= Beginning of Section =

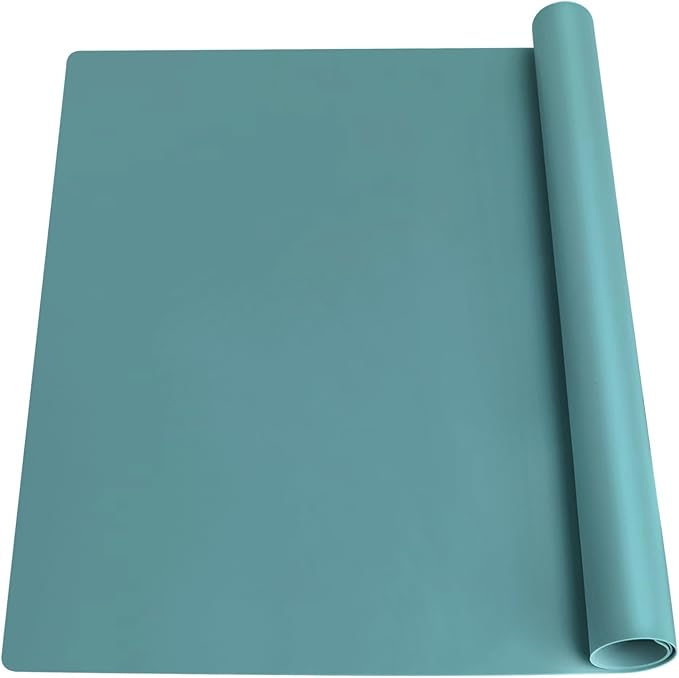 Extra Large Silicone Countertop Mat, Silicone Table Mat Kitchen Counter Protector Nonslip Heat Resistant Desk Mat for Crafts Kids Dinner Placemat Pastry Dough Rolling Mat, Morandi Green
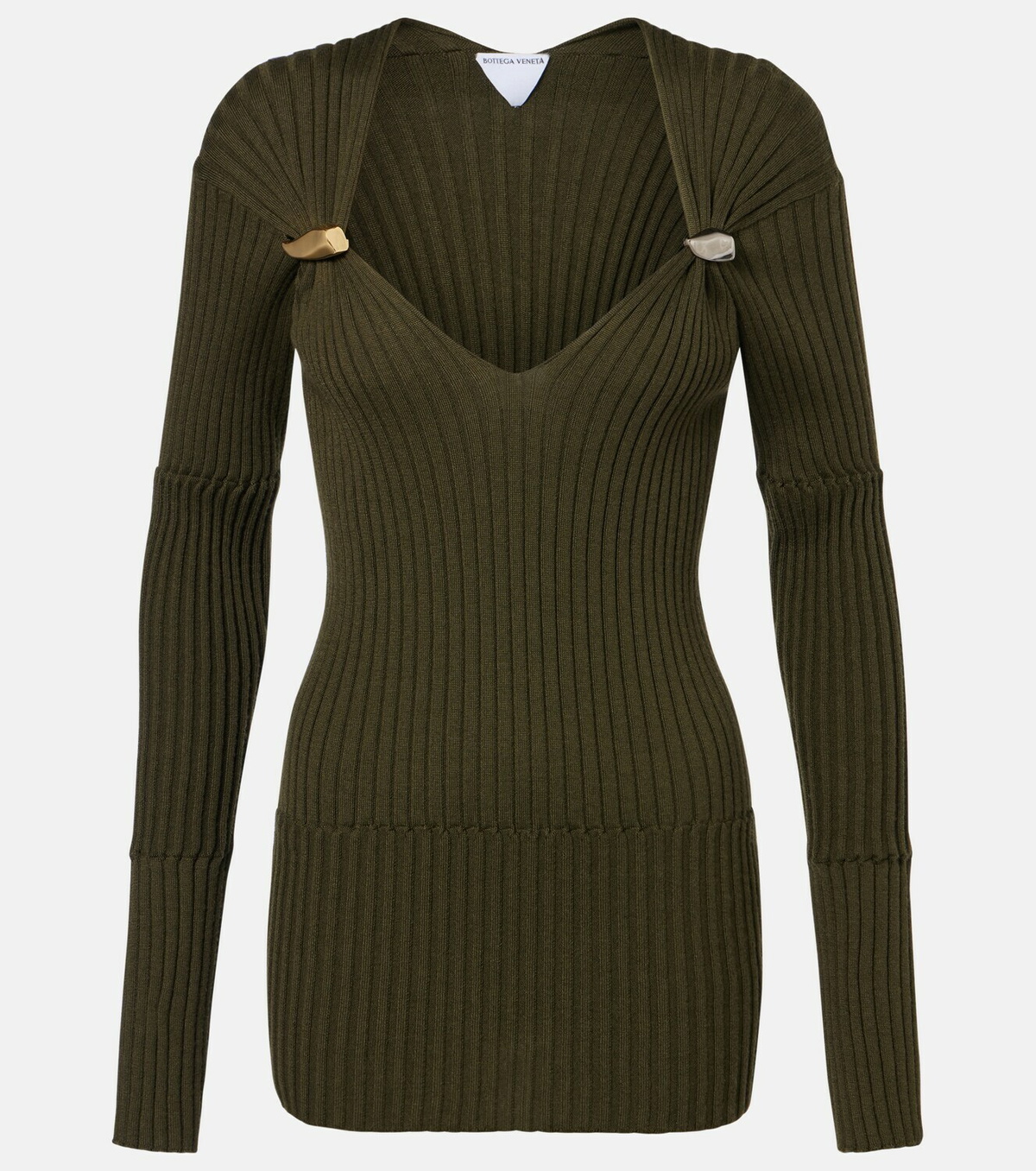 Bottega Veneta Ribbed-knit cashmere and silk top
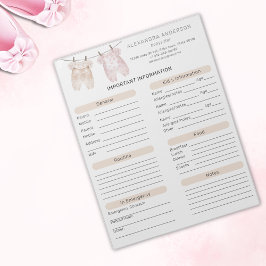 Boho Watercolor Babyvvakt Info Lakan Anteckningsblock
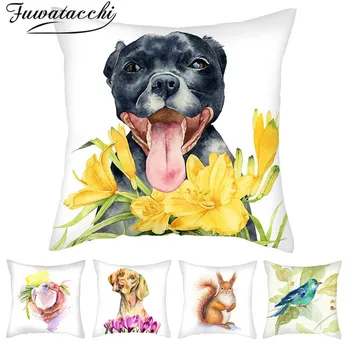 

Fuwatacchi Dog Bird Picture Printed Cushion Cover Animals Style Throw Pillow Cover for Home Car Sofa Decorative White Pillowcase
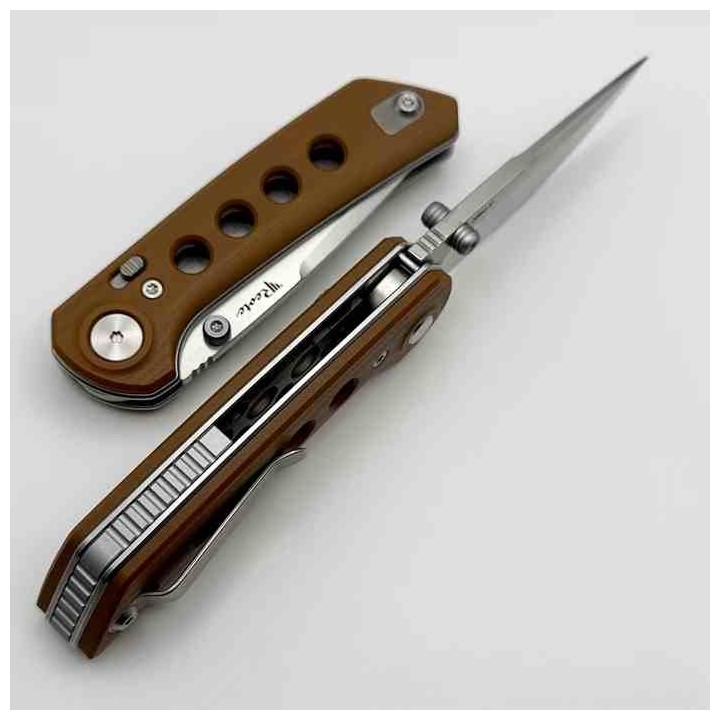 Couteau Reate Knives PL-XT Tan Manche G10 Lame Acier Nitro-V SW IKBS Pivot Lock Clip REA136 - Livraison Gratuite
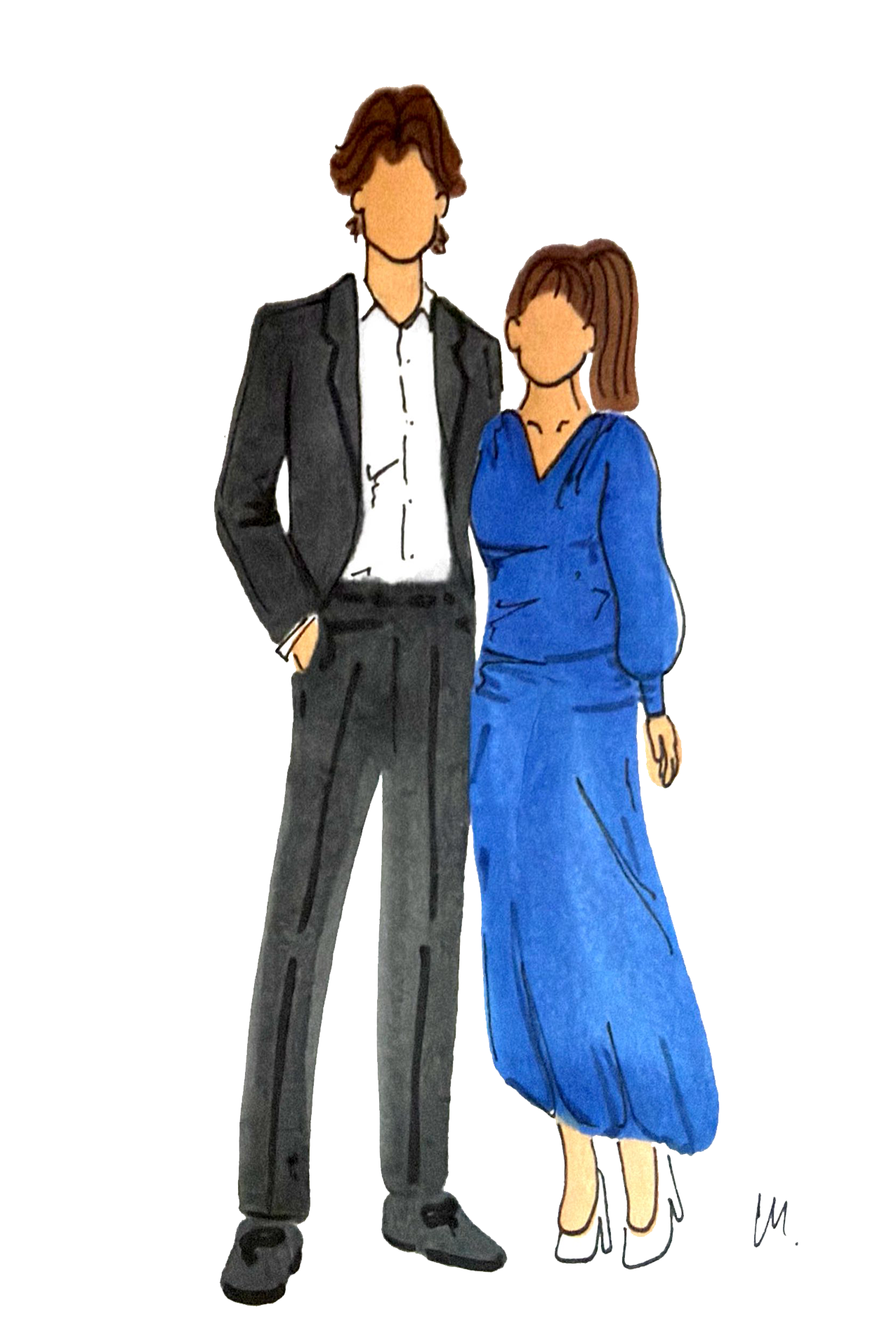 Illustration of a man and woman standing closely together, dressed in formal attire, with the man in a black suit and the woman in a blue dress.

= End of Section =

Task to carry out => Hand back exactly the lines from the one with "Boho Watercolor Babyvvakt" through the last line of the data above, both ends included, with every picture left out.

Finished task =>
 Boho Watercolor Babyvvakt Info Lakan Anteckningsblock

Fuwatacchi Dog Bird Picture Printed Cushion Cover Animals Style Throw Pillow Cover for Home Car Sofa Decorative White Pillowcase
 Couteau Reate Knives PL-XT Tan Manche G10 Lame Acier Nitro-V SW IKBS Pivot Lock Clip REA136 - Livraison Gratuite
 Illustration of a man and woman standing closely together, dressed in formal attire, with the man in a black suit and the woman in a blue dress.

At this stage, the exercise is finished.